Paul Goble
Staunton,
December 9 – Vladimir Putin casts such a dark shadow on Russia that it is perhaps
no surprise that many in the opposition believe, as commentator Aleksandr Rusin
puts it today, that finding and installing a new leader is “the chief issue of
present-day Russia” and that “everything else is secondary” (publizist.ru/blogs/110401/28399/-).
But as Lyudmila Alekseyeva insisted
repeatedly over the course of her decades of human rights activities, “the
behavior of the rulers depends on citizens: if [the rulers] conduct themselves
badly, then we are guilty in this more than they are. Each of us in their place
would begin to conduct themselves not as we should” (kommersant.ru/doc/3361651).
The rulers in short “to a certain
extend are themselves victims of the fact that we do not have a strong civil
society,” an observation that Ivan Sukhov writes in an appreciation of Alekseyeva
on her death that may seem a “banal” passage from a political science textbook.
But in fact these are important words many fail to appreciate (kommersant.ru/doc/3825999).
If
Russians want better rulers, they must become better citizens. Alekseyeva
showed that throughout her life. When she
began her career as a defender of human rights in 1965, Sukhov observes, no one
could imagine that there could be a world “in which there was no Soviet Union”
but thanks in part to her work and others like her that came about.
Yesterday,
“all of Russia lost one of its very most important symbols” of what citizens
can and must do to change their country.
Alekseyeva infuriated many who wanted the status quo, but she showed the
power of principle consistently and clearly expressed under all circumstances.
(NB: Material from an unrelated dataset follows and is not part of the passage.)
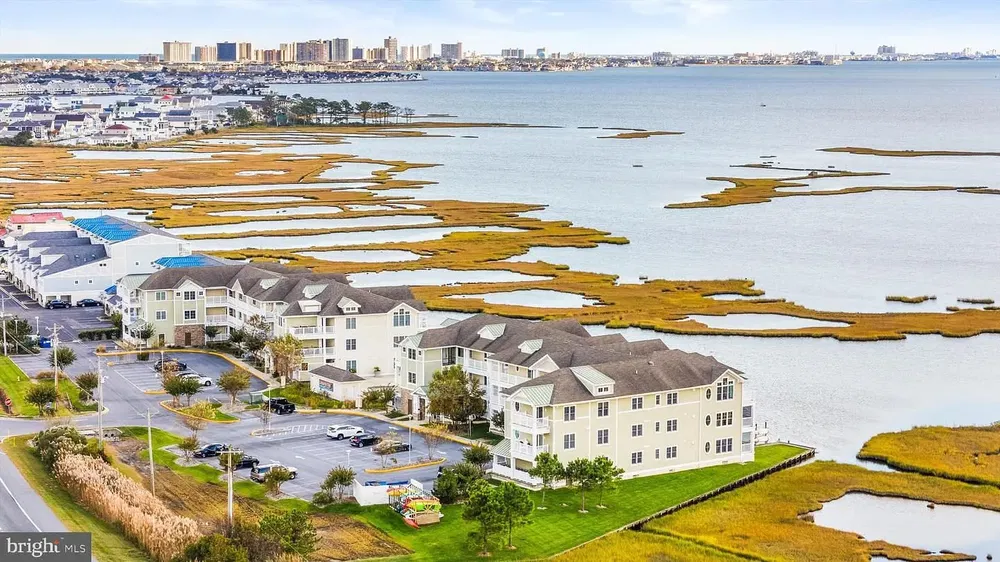 Wohnzimmer; holzboden, tageslicht, moderner stil, hohe decken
Of course, it seemed to many at
various points of her life that Alekseyeva couldn’t “influence either Russian
domestic policy [or] Russian relations with the world – and all the same she
did just that. She seemed too small and often too alone to do that, but she
showed that she could serve as “the straw that broke the camel’s back.”
Lyudmila Alekseyeva will be missed:
one can only hope that her lessons will not be.